I have a true giant who eats twice daily and I vary his diet with: large betta pellets, frozen bloodworms, frozen brine shrimp, live/frozen mosquito larvae. I also keep frozen daphnia on hand in case of bloat/constipation.


----------



## Destinystar (May 26, 2012)

Are there any marble colored King Betta ? I am thinking of getting another Betta this coming Spring and if I do that is what I would love to have. What type tails to the King have ?


----------



## mkayum (Jul 5, 2012)

MSG said:


> Never realized they used PFS in the soil with the venus fly traps. I've noticed the little granules in the substrate before when I looked at terrarium type enclosures.
> 
> That's another reason I'll get myself a giant bag.

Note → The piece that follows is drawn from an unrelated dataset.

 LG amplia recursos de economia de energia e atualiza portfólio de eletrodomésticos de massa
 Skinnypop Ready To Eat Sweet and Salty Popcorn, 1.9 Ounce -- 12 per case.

I'll use it to mix into gardening soil.



It's great for any plants! It helps with draining.


----------



## Jessie1990 (May 21, 2012)

I have two Kings in a divided, planted 10 gallon and they seem to be very happy and active all the time. I also have a King in a 5 gallon because he was alot more aggressive than my other two. I thought he needed his own place but now I think he seems to be a bit more bored than the other two. The other two like to look at each other through the screen (They don't flare, they just go to see what the other one is doing on the other side.) All my bettas have a nerite buddy too. Roku is VERY attached to his snail... he tail bites if I take it out. 

So! I think that 5 gallons is okay, but I would like to give them 10 gallons. Two of them seem very happy in their 5 gallons. I have to play with Seraph A LOT to keep him happy. We tried the ping pong and bottle cap idea. He just LOVES people attention. He is also my betta that will flare if he isn't fed right when I wake up (he's in my room so he sees me get up) Anyway, I don't think that his boredom has anything to do with tank size. He just really loves attention


----------